南朝鮮のアメリカ軍政統治時代、1945-1948年
1945年9月、ジョン・リード・ホッジ司令官率いるアメリカ軍は、朝鮮を日本から解放した後で南朝鮮を占領した。ここには大日本帝国の慰安所施設もあった[43]。これらの出来事が、日本統治時代の朝鮮で確立されていた政府許諾済みの売春という基礎を瞬く間に築くことになった[44]。日本によって認可された売春形態は、韓国人セックスワーカーのために登録手続きとSTD検査の義務付けを確立していた。米軍が南朝鮮を占領した後、これらの検査は保健福祉局によって行われた[45]。アメリカ兵士が売春婦からの病気にかかるのを防ぐため、接待のバーやクラブは軍事基地の近辺や内部に配置された。売春婦を狭い範囲に収容することで、米軍は女性の活動および健康を統制したり監視する力を持った。アメリカ軍事政権が売春を容認して管理しているため、女性団体は売春の廃止を訴えた。それに応じて、1947年に米国は公営売春廃止法案を可決した。これは認可済みの売春(公娼)を廃止するものだった。しかし、同法律は私娼の急増を招いた[46][要ページ番号]。
朝鮮戦争後
朝鮮戦争の結果として極度の貧困と混乱が起こった。自分自身と家族を養っていくために女性達が性労働を頼りにしたため、このことが売春婦への大量流入を生みだした[47]。セックスワーカーの「大量生産」が、韓国における米軍の占領およびアメリカ軍事基地の設立を正式に許諾した米韓相互防衛条約に貢献したとする説もある[48]。1953年までに売春婦の総数は35万人に達し[49][50]、そのため朝鮮戦争後の韓国では基地村での売春が恒久的な構造になった。1950年代から1960年代にかけて、韓国人売春婦の60%が米軍基地の近くで働いていた[49][50]。

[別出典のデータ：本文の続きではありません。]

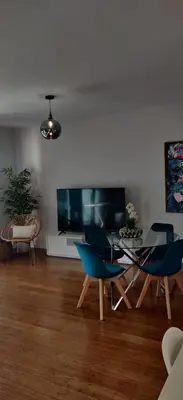 a living room with blue chairs and a table at Formosa Ocean View - 142109/AL in Funchal
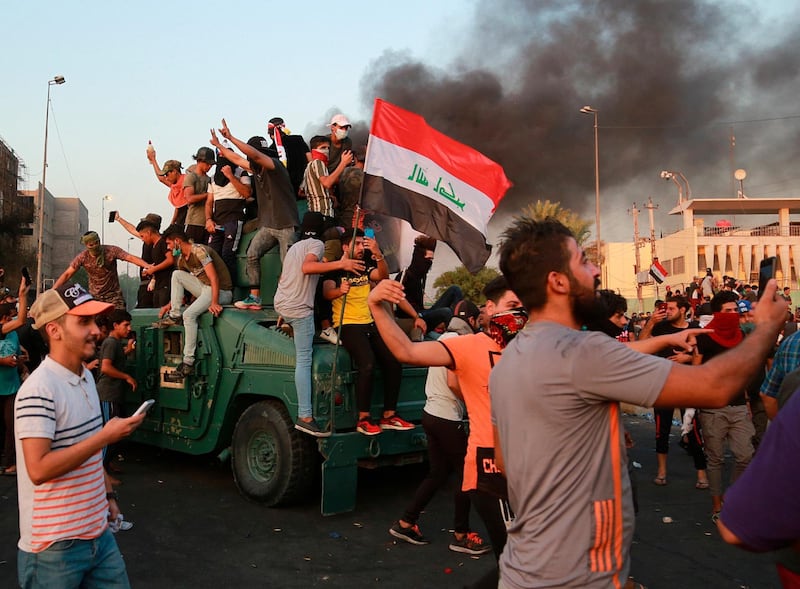 Anti-government protesters take over an armoured vehicle before they burn it in Baghdad.  AP Photo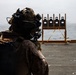 A heavily equipped military personnel is conducting a live-fire marksmanship training exercise on what appears to be the deck of a naval vessel at sea. The shooter is aiming at a wooden target stand holding four standard silhouette shooting targets. The overcast sky and open ocean are visible in the background, confirming an at-sea training environment.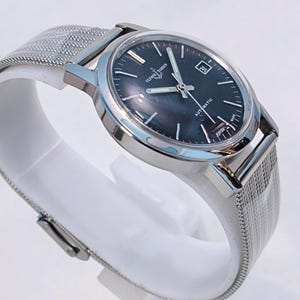 May include: A silver-toned Ulysse Nardin automatic watch with a dark blue face and a date window at the 3 o'clock position. The watch has a mesh band and is displayed on a white stand. The watch face has the text "AUTOMATIC" and "SWISS MADE".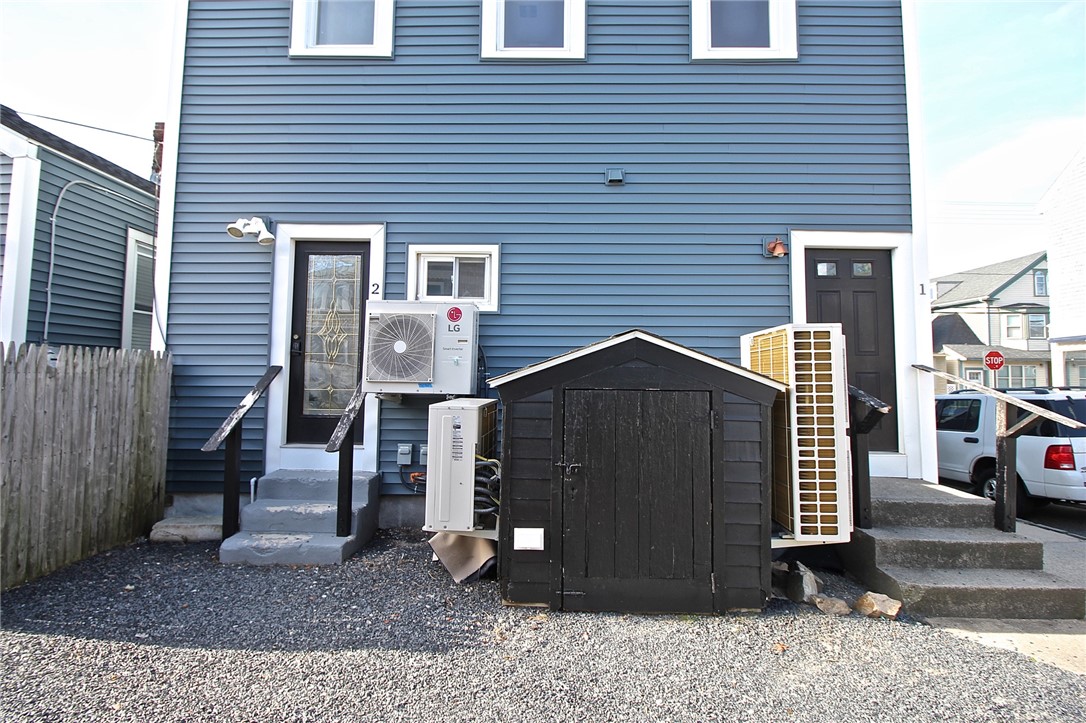 668 Thames Street, Unit 2 Newport, RI 02840 - Photo 35 of 42 Rear View from yard to private back door for 1st floor, bulkhead to basement and back door for apt 2&3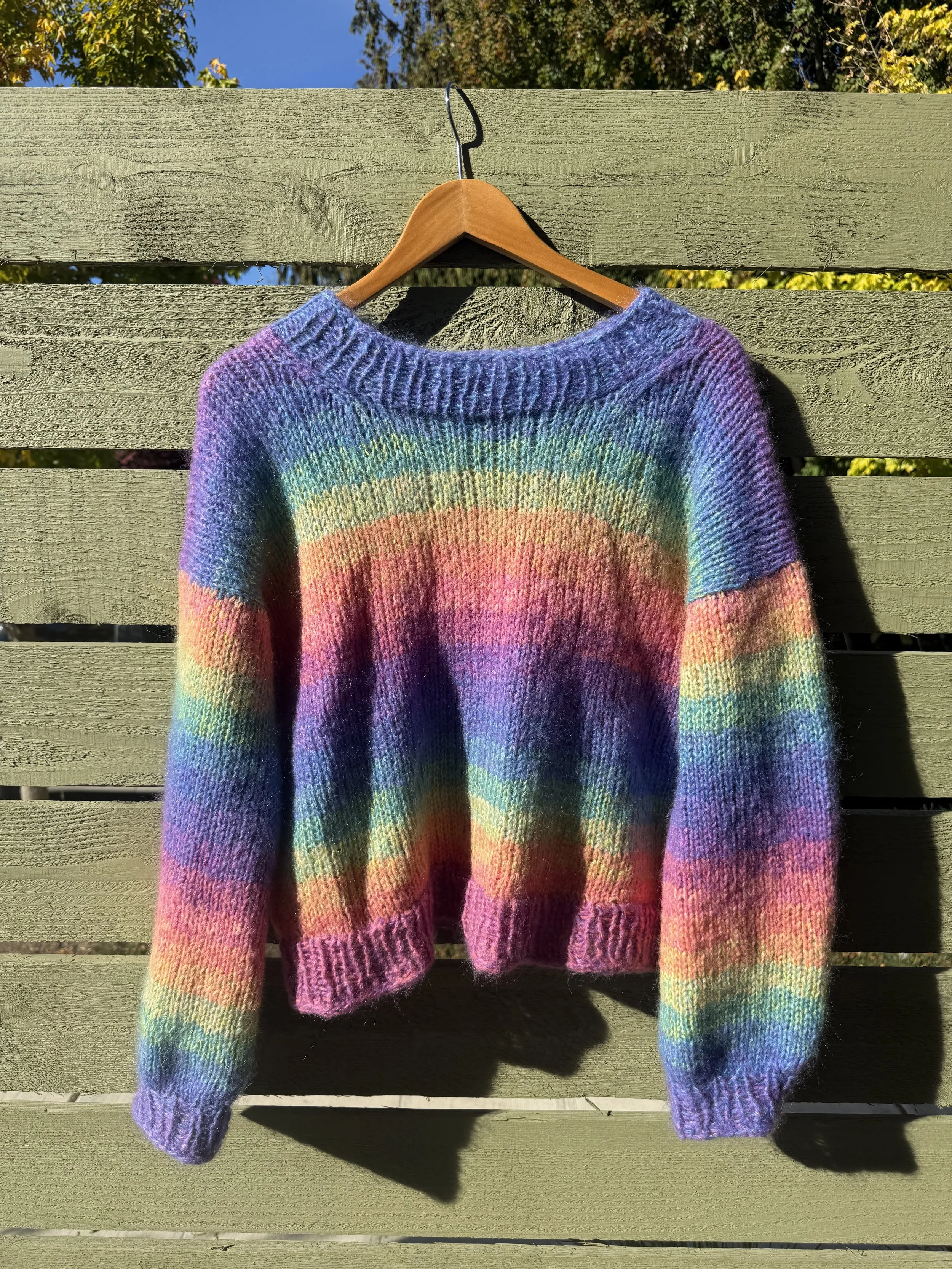 A rainbow-colored knitted sweater hanging on a wooden hanger against a green wooden fence with a clear blue sky above.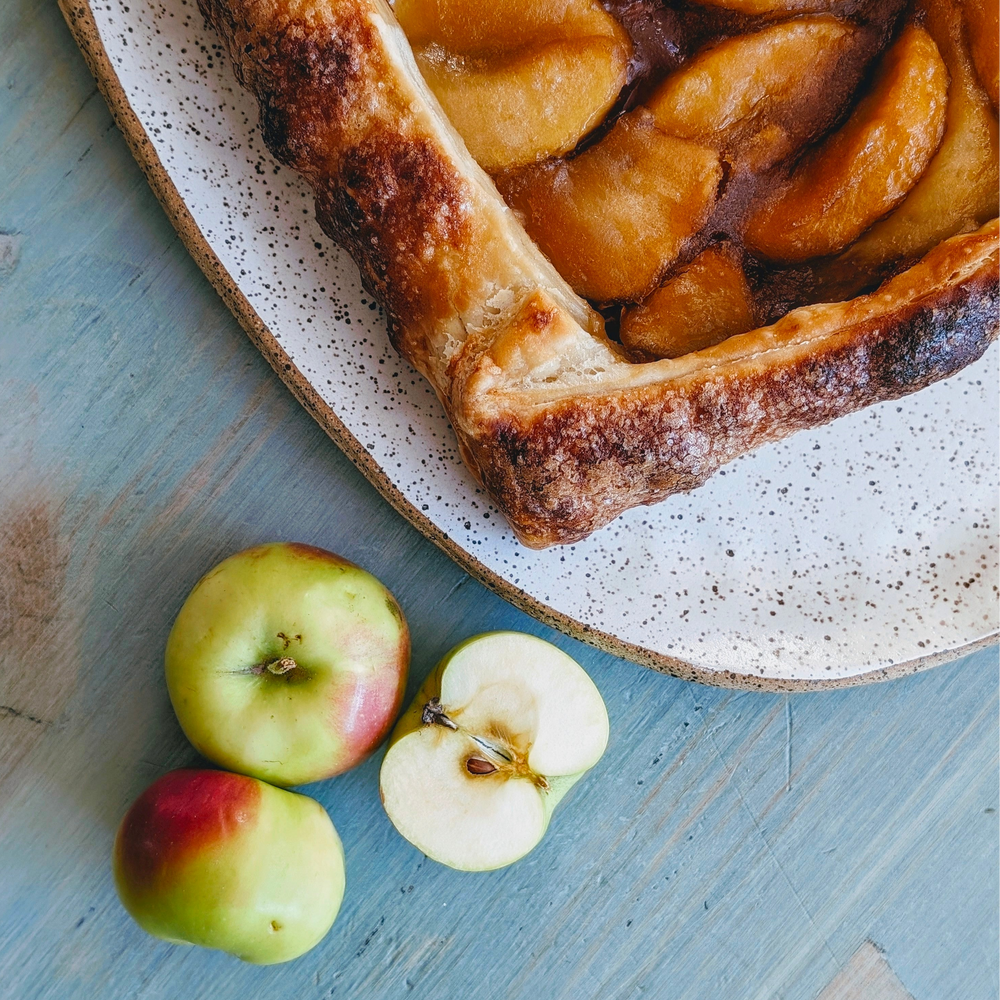 Rustic apple tart on a speckled plate with three fresh apples (one halved) on a blue wooden table.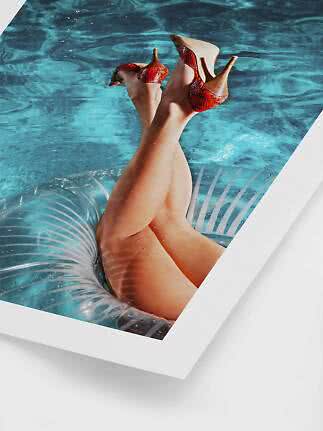 Legs raised in a pool on a clear float, wearing red snakeskin slingback heels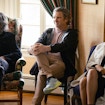 Three people sitting on chairs in and part of group discussion.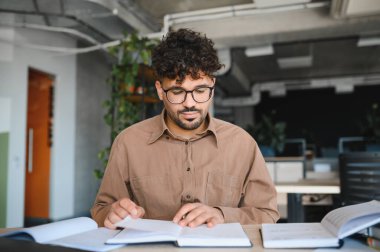 Kütüphanede okuyan ve okuyan, sınavlara hazırlanan ve akademik projeleri için araştırma yapan konsantre genç bir adam.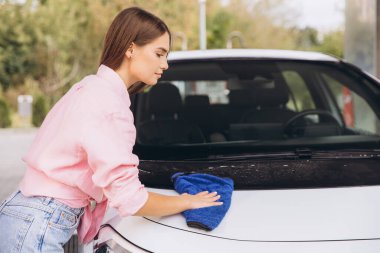 A young woman wipes the car hood with a blue cloth at an outdoor car wash. She wears a pink shirt and jeans, focusing on detail and cleanliness. clipart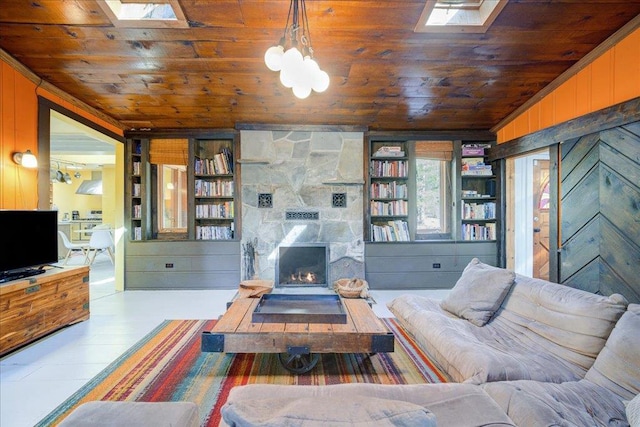 62 Stag Forest Rd, Forestburgh, NY 12777 - living room with wooden ceiling, wooden walls, a stone fireplace, a skylight, and lofted ceiling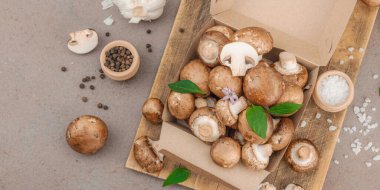 Baharatlı ve otlu taze taze taze kremini mantarlar. Vejetaryen yemeği pişirmek için sağlıklı malzeme. Çiftlikten masaya konsept, düz konum, sıcak kahverengi arkaplan, afiş biçimi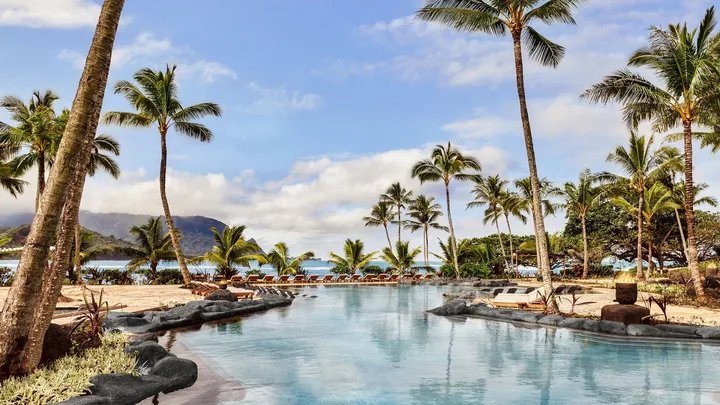 Tropical resort pool with palm trees and mountains in the background under a bright blue sky.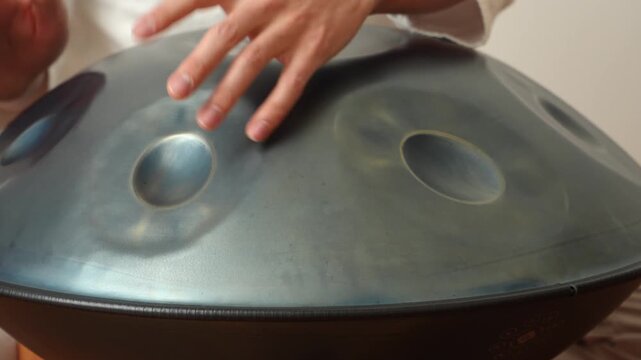 Close-up of a hand gently tapping melodies on a handpan (hang drum) in a calm indoor studio with warm natural light&mdash;great for meditation, ambient music, wellness and therapy themes.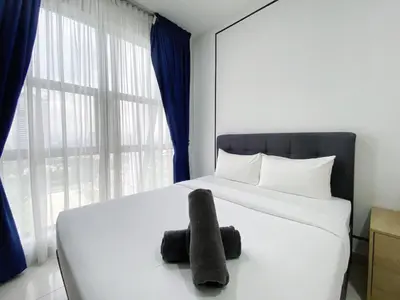 a bedroom with a white bed with a large window at Arte mont kiara by Happy stay in Kuala Lumpur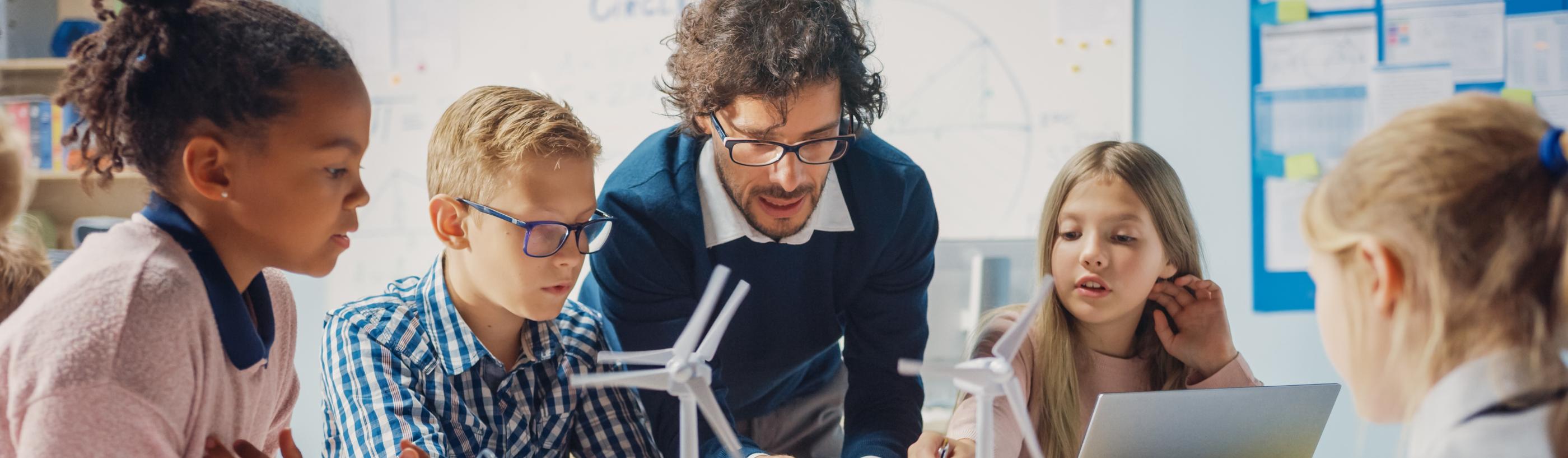 Man sieht Schüler*innen an einem Tisch mit Tablet, Laptop und Miniaturwindrädern. Ein Lehrer beugt sich zur Gruppe, um etwas zu erklären (c) shutterstock_1767368444 Man sieht Schüler*innen an einem Tisch mit Tablet, Laptop und Miniaturwindrädern. Ein Lehrer beugt sich zur Gruppe, um etwas zu erklären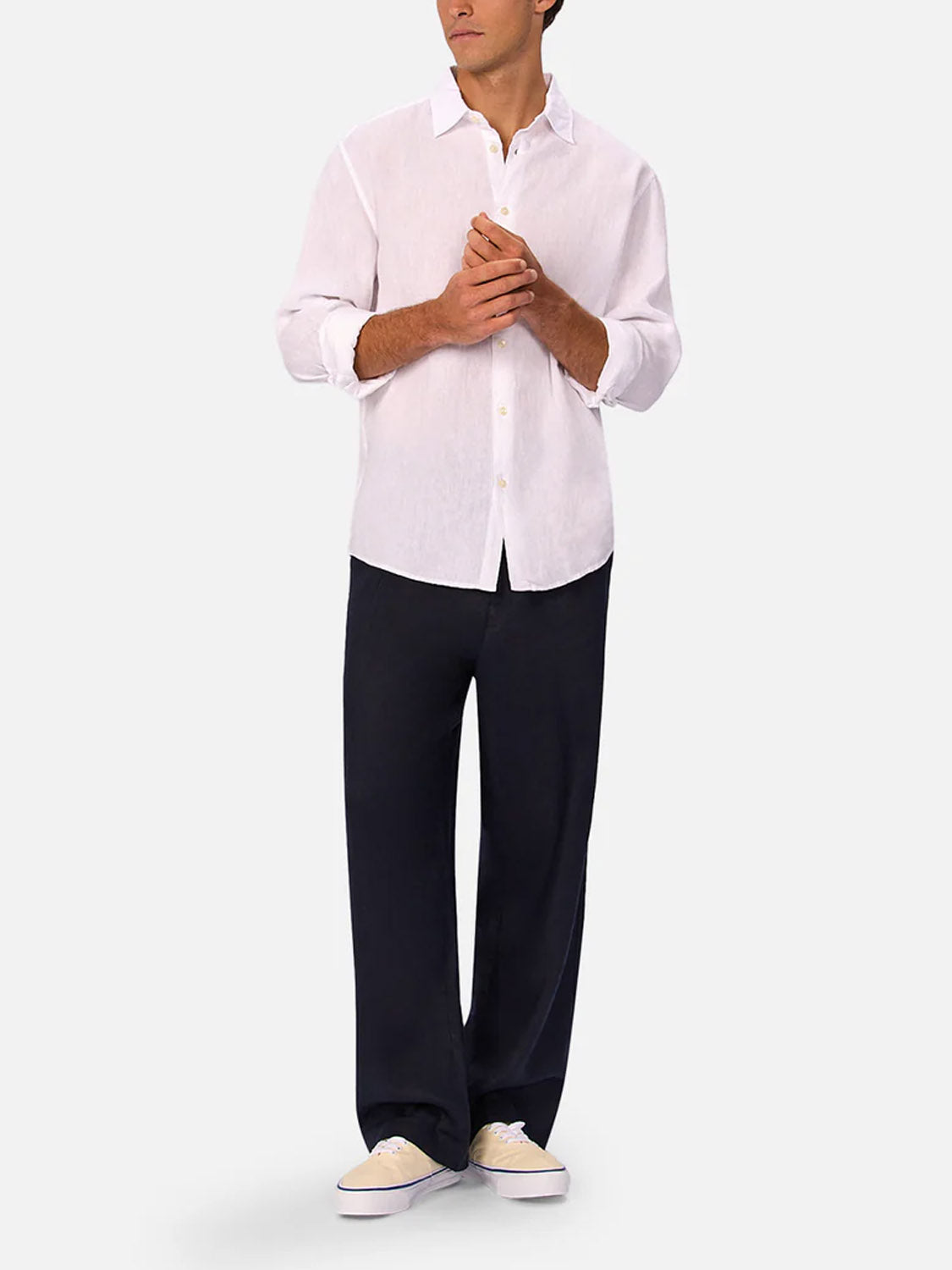 A man wears the Industrie St Martins Long Sleeve Shirt with loose dark pants and light sneakers, standing against a plain background with his hands clasped and head slightly turned.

第二共和国 (大韓民国)は売春を必需品と見なしていた[51]。1960年代より始まる、米兵たちに彼らの性的空想を満たす覗き見ショー(en)やストリップクラブといった娯楽と余暇を提供するための、公営組織化されたシステムが確立された[38] 。国会議員は韓国政府に対して、彼女らが稼いだドルを日本で支出させないため同盟兵士向けに供給する売春婦を訓練するよう要請した[51]。内務部(当時)の代表である李承雨は、米兵向けの「売春婦供給」を政府が一部改善したと国会に答えた[51]。これら基地村はアメリカ兵士たちの慰労・休養場所として存在していた[要出典]。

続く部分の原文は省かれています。